(Collection entries)

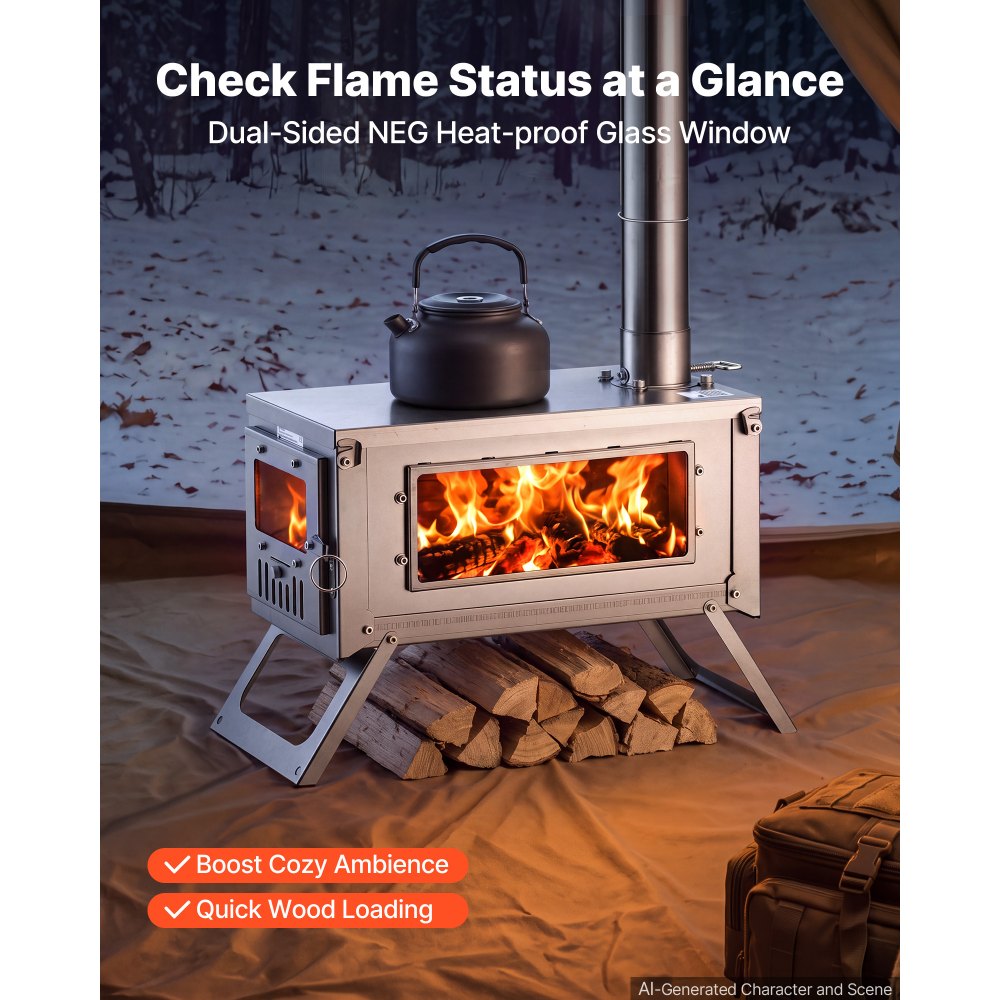 VEVOR Wood Stove Foldable Portable Titanium Wood Burning Camping Tent Stove, for Outdoor Heating and Cooking, 3.2 kg Lightweight, with Telescopic Retractable Chimney and Heat-Resistant Glass Window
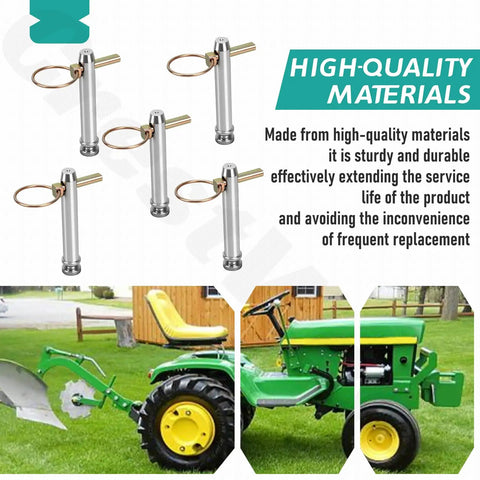 Five Pack Cat One Hitch Pin Kit With Three Quarter Inch Top Link Pins And Five And A Half Inch Length Durable Tractor Accessories For Replacing 195589M1 AC339942 Upgraded shown with green tractor in background.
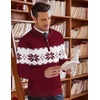 image:imageCOOFANDY Mens Quarter Zip Up Sweaters Slim Fit Lightweight Mock Neck Pullover Casual Polo SweatersChristmas Red  White
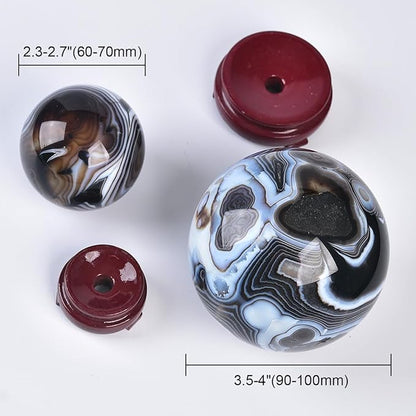 JIC Gem Black Onyx Agate Large Crystal Ball 3.5-4 inch(90-100mm) Round Healing Crystals Decorative Sphere with Wooden Stand Meditation Witchcraft Home Decor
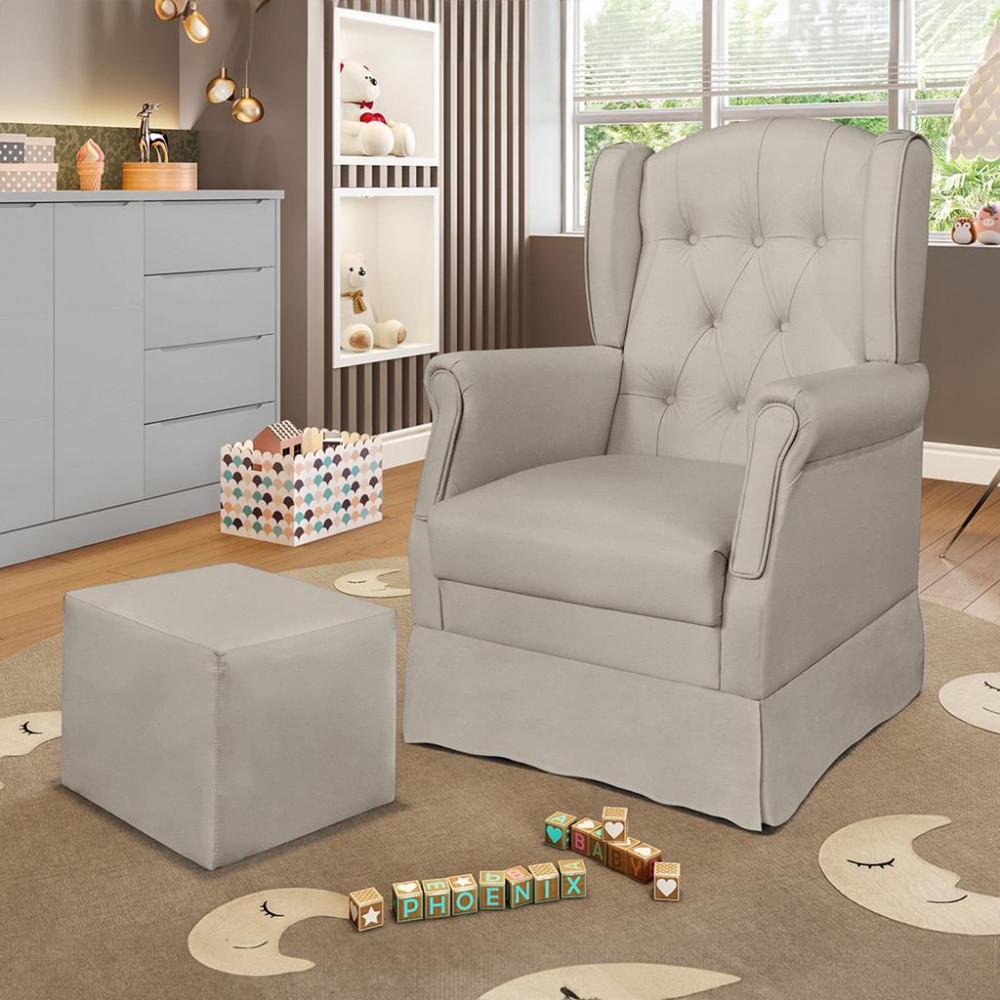 Poltrona de Amamentação Leticia com Puff Phoenix baby - 1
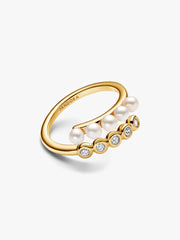 FINAL SALE - Treated Freshwater Cultured Pearls & Stones Open Ring 14k gold plating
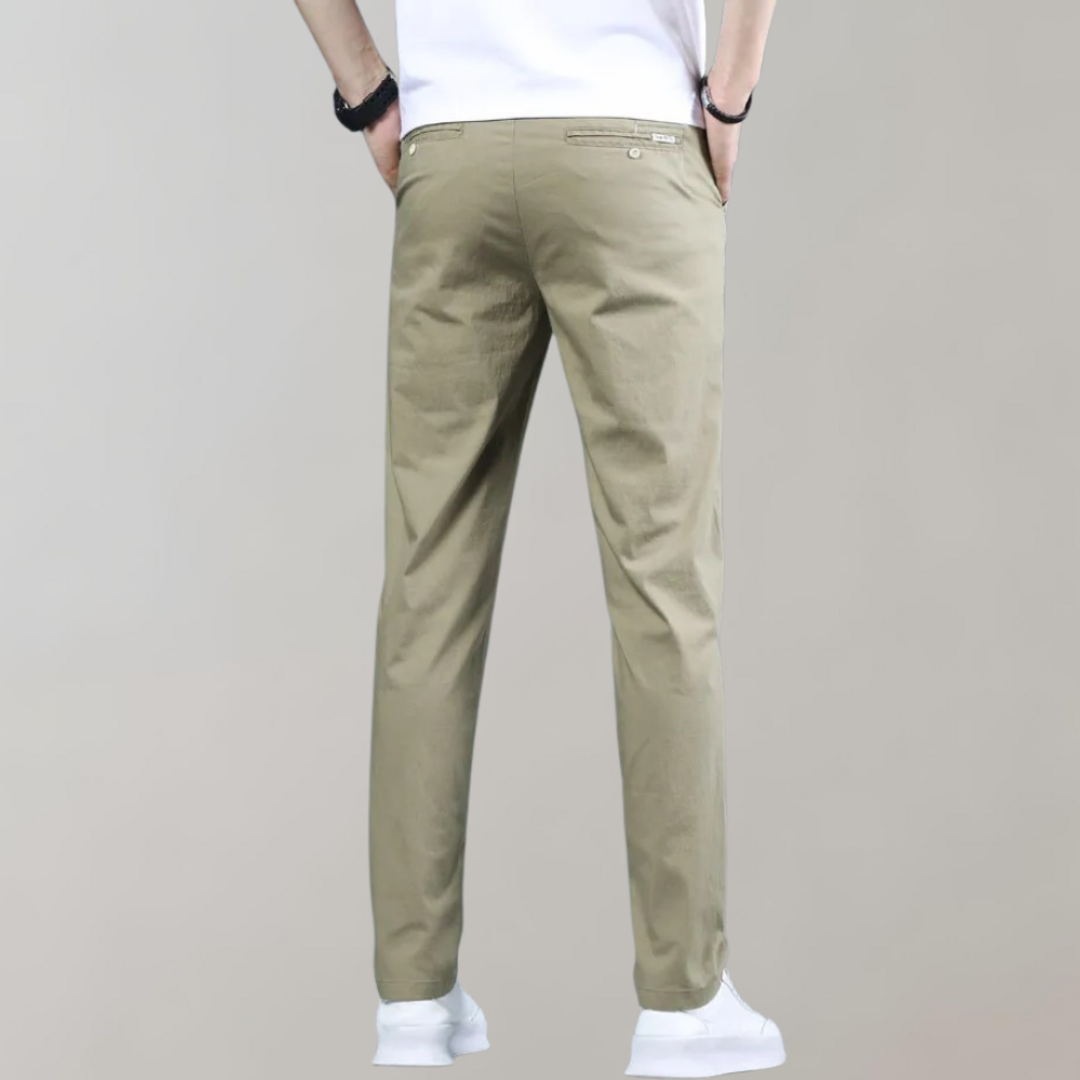 Pantalones Chinos Hombre Tejido Elástico Ajuste Slim Cintura Elástica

Your goal. Output all the records above exactly, but without their images.

The answer.
 VEVOR Wood Stove Foldable Portable Titanium Wood Burning Camping Tent Stove, for Outdoor Heating and Cooking, 3.2 kg Lightweight, with Telescopic Retractable Chimney and Heat-Resistant Glass Window
 Five Pack Cat One Hitch Pin Kit With Three Quarter Inch Top Link Pins And Five And A Half Inch Length Durable Tractor Accessories For Replacing 195589M1 AC339942 Upgraded shown with green tractor in background.
 image:imageCOOFANDY Mens Quarter Zip Up Sweaters Slim Fit Lightweight Mock Neck Pullover Casual Polo SweatersChristmas Red  White
 JIC Gem Black Onyx Agate Large Crystal Ball 3.5-4 inch(90-100mm) Round Healing Crystals Decorative Sphere with Wooden Stand Meditation Witchcraft Home Decor
 Poltrona de Amamentação Leticia com Puff Phoenix baby - 1
 FINAL SALE - Treated Freshwater Cultured Pearls & Stones Open Ring 14k gold plating
 Pantalones Chinos Hombre Tejido Elástico Ajuste Slim Cintura Elástica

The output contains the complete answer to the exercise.